Los verdaderos certámenes mundiales existen y están claramente definidos. El Clásico Mundial de Béisbol, con selecciones nacionales, reglas compartidas y participación plural, es un torneo global, pero aún condicionado por las reglas de la MLB. El fútbol, con sus mundiales organizados por la FIFA, no deja espacio a ambigüedades. Las Olimpiadas constituyen el mayor escenario multideportivo del planeta. Los campeonatos mundiales de voleibol y baloncesto, organizados por federaciones internacionales, expresan una lógica distinta, donde ninguna nación se abroga el derecho de representar al mundo por sí sola.
El problema no es estrictamente deportivo, sino cultural y político. Se trata de la persistencia de un imaginario imperial que se filtra incluso en el entretenimiento y naturaliza la idea de que Estados Unidos ocupa el centro mientras el resto del planeta queda relegado a la periferia. En un mundo crecientemente multipolar, diverso y consciente de sus identidades, ese lenguaje resulta anacrónico. Esta apropiación simbólica de lo “mundial” no es un accidente retórico, sino la expresión contemporánea de una autopercepción histórica que concibe su experiencia particular como modelo válido para el conjunto de la humanidad.
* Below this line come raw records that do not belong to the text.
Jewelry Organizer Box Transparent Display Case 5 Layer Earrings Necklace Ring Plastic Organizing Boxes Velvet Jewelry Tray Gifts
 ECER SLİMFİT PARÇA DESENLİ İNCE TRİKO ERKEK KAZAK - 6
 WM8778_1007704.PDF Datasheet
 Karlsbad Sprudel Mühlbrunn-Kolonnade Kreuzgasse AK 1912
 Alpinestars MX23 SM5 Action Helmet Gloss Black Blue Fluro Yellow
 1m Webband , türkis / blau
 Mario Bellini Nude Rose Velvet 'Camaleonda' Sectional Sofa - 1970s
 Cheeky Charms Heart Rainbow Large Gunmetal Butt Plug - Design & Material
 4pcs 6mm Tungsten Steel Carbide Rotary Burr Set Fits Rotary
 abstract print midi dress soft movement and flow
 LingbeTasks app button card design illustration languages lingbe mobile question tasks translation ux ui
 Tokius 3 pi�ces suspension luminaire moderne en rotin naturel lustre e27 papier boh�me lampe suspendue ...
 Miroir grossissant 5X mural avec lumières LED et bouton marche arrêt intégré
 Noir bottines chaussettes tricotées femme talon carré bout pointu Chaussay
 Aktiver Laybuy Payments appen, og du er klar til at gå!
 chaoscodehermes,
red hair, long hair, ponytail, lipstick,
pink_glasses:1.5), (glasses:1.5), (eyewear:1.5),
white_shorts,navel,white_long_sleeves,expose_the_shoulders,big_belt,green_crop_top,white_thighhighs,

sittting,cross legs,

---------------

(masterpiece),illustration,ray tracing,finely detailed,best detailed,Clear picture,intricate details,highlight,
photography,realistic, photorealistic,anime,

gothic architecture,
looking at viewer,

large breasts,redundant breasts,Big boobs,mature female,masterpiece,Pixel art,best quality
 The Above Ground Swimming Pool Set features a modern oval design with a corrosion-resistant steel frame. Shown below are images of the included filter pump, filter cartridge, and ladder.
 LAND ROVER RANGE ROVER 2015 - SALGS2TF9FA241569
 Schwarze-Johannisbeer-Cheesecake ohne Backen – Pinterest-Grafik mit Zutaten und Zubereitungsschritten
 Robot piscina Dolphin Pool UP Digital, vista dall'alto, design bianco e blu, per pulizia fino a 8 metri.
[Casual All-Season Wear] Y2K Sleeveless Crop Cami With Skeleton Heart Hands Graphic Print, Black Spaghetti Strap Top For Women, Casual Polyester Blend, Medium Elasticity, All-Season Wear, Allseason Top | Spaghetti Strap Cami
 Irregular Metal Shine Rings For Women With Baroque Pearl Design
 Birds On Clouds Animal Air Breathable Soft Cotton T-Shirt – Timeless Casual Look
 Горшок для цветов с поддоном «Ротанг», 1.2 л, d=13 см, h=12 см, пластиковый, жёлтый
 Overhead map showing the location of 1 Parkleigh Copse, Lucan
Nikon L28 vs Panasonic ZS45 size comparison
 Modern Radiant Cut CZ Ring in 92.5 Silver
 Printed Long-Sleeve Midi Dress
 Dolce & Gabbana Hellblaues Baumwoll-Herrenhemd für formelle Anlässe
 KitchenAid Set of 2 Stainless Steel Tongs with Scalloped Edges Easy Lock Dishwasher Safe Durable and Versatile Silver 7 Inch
Detrás de esta mirada deportiva subyace una conciencia histórica más profunda, de raíz religiosa y cultural, que ha acompañado a Estados Unidos desde su fundación. La idea de ser un “nuevo pueblo escogido”, heredero del imaginario bíblico y del puritanismo colonial, ha alimentado una conciencia transhistórica y etnocentrista en la que la nación se percibe a sí misma como portadora de un destino excepcional.
El deporte tiene la capacidad de unir, de reconocer la excelencia sin borrar al otro, de celebrar la competencia sin colonizar el significado. Reconocer la grandeza deportiva de Estados Unidos no exige aceptar un lenguaje que confunde campeonatos nacionales con títulos universales ni espectáculos internos con representaciones del mundo. La verdadera grandeza, también en el deporte, se expresa cuando el poder no necesita proclamarse como universal para ser reconocido.